La force de la foi est de très loin plus puissante que celle de la loi. La foi est ce stimulus endogène sans nulle peur d’aucune police, qui assure chez le fidèle le respect spontané non seulement des prescriptions divines mais de la loi en vigueur partout où il doit se trouver. En revanche, la célèbre loi de la prohibition aux Etats-Unis par exemple, a lamentablement échoué exactement là où la foi en l’Islam a largement apporté ses fruits partout dans le monde musulman jusqu’à nos jours, et ce depuis voilà quatorze siècles.
Du fait de la foi, la charia ainsi que la loi doivent se trouver respectées par le fidèle selon une discipline individuelle rigoureuse et stricte. C’est ainsi qu’en matière de zakat, partout dans le monde et à défaut d’un organisme de collecte, chaque musulman pieux prévenant, calcule lui même son dû, et cherche les nécessiteux méritants pour le leur donner, sans police et sans même que personne ne le sache. Et c’est ainsi que la sécurité sociale, arrachée récemment en Occident après de grandes luttes des forces ouvrières, faisait, il y a près de quatorze siècles déjà, partie intégrante du code de l’Islam dit charia. De plus avec la force de la foi chez le fidèle, son application faisait l’objet d’une stricte discipline individuelle et volontaire. Du fait de la même force de la foi chez tout fidèle, le code de la route par exemple, doit se trouver bien respecté selon la même discipline individuelle et volontaire.

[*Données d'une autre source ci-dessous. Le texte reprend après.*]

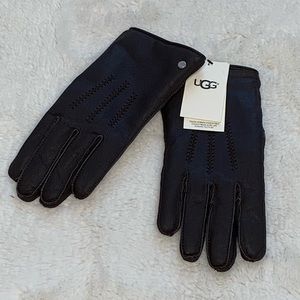 UGG’S BROWN LEATHER GLOVES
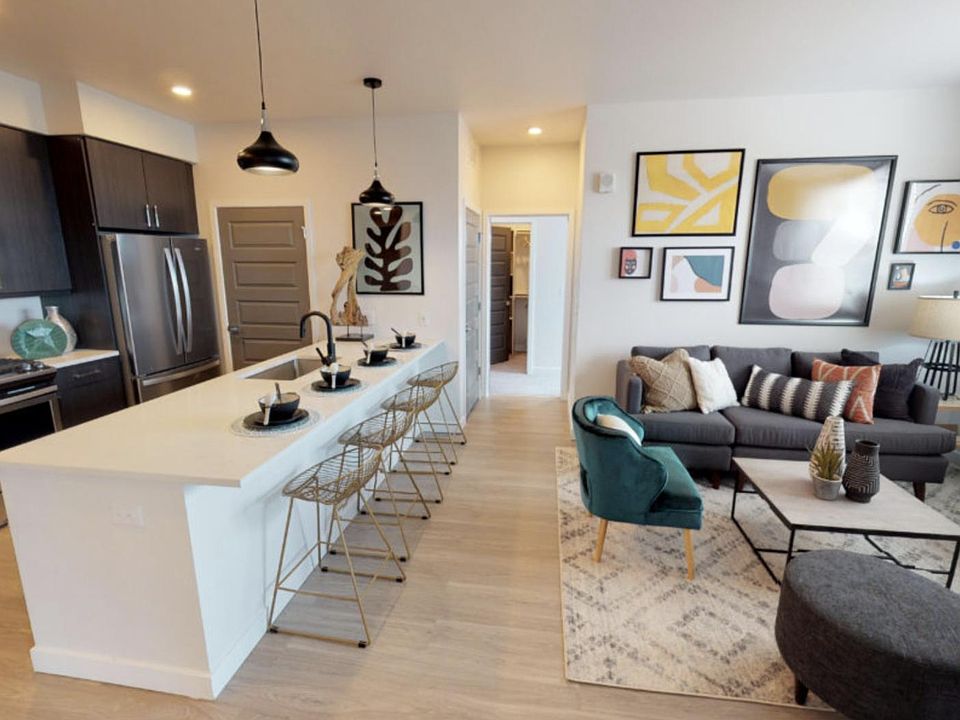 1st image of 2215 Market St #501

C'est ainsi que le respect de la charia est censé :
1) assurer d’abord au fidèle la paix avec le Seigneur. Elles sont ensuite, de nature à assurer l’équité, la dignité, et la paix pour toute personne dans la communauté quels que soient son âge, son sexe, son rang social, son appartenance ethnique, sa confession et ses convictions.
2) assurer la paix de chacun avec tous les éléments de l’environnement et tout l’écosystème, soit ce qu’on appelle aujourd’hui l’écologie.

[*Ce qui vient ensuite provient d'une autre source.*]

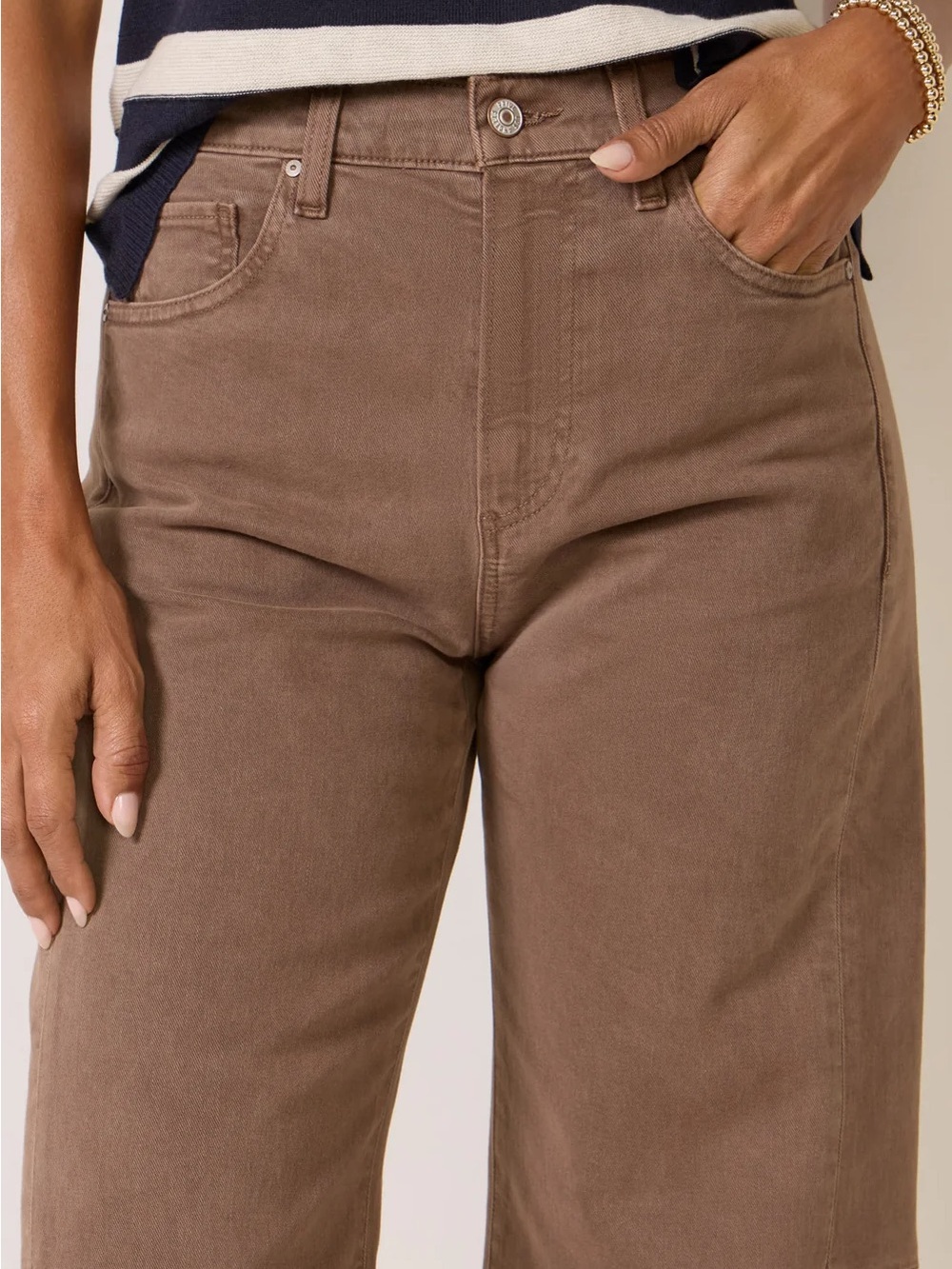 Wide Leg High-Rise Women’s Jeans in Brown - Picture 4 of 6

3) assurer à la communauté la cohabitation pacifique et les relations de bienséance avec le reste des communautés dans le reste du monde.
Telle est la charia tant décriée de nos jours, un peu partout dans le monde. Certes vouloir en appliquer d’en haut la seule et infime partie qui revient aux pouvoirs publics est une aberration. C’est vouloir mettre la charrue devant les bœufs. Cette part de la charia ne convient qu’à une société en très large majorité musulmane, qui dans sa vie au quotidien et au niveau individuel s’applique tout le reste de la charia.